Material for this task:
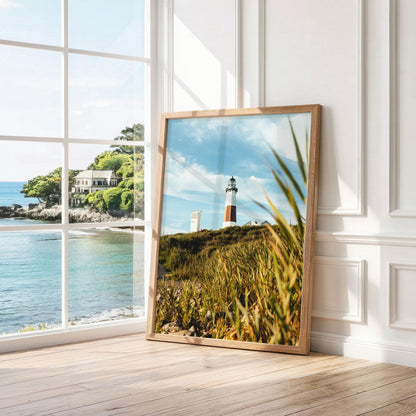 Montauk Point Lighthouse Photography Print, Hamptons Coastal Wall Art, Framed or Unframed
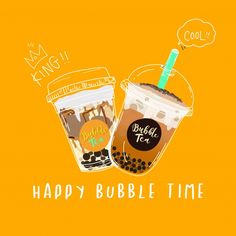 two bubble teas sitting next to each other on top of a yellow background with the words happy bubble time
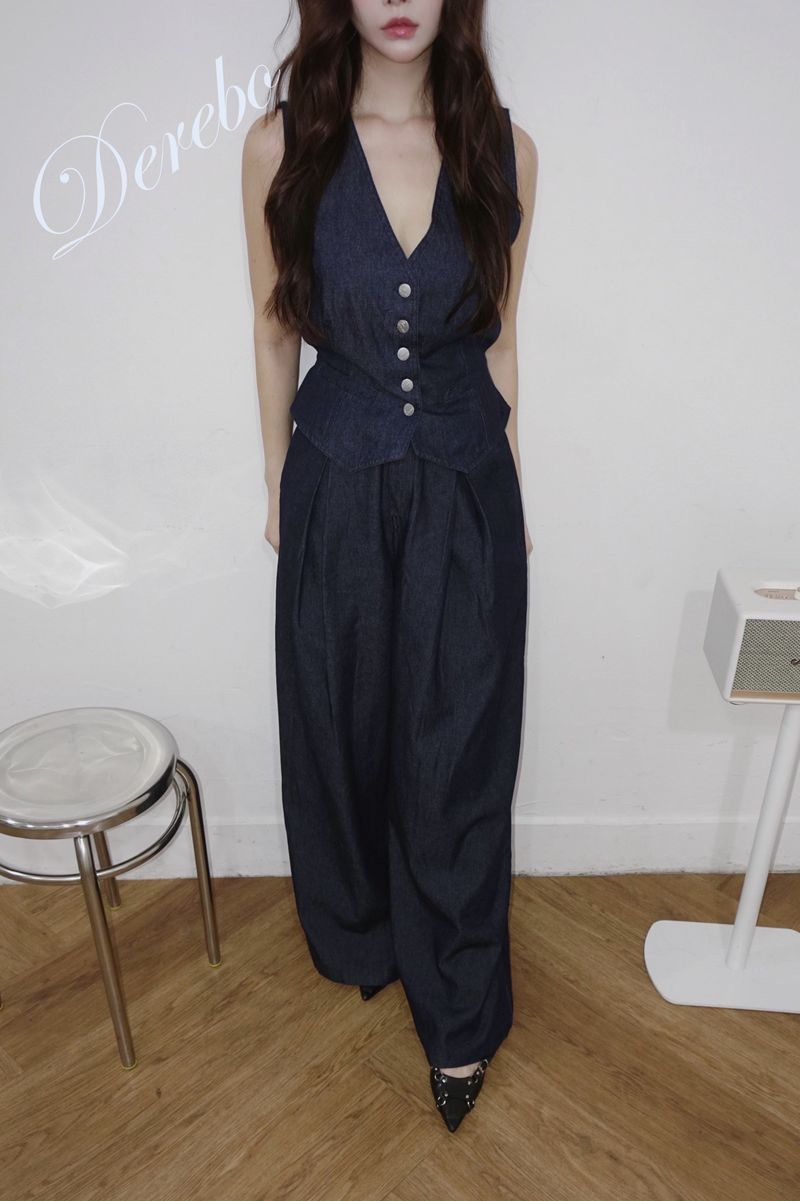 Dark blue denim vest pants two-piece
--
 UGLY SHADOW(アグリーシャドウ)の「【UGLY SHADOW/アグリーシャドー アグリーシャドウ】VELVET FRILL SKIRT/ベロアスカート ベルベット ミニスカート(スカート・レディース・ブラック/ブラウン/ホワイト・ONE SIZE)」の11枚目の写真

Assigned task:
Set down again, word for word, every line from the one with "Montauk Point Lighthouse" to the one with "Dark blue denim vest pants two-piece" in the entries above, and omit the pictures.

Reply:
 Montauk Point Lighthouse Photography Print, Hamptons Coastal Wall Art, Framed or Unframed
 two bubble teas sitting next to each other on top of a yellow background with the words happy bubble time
 Dark blue denim vest pants two-piece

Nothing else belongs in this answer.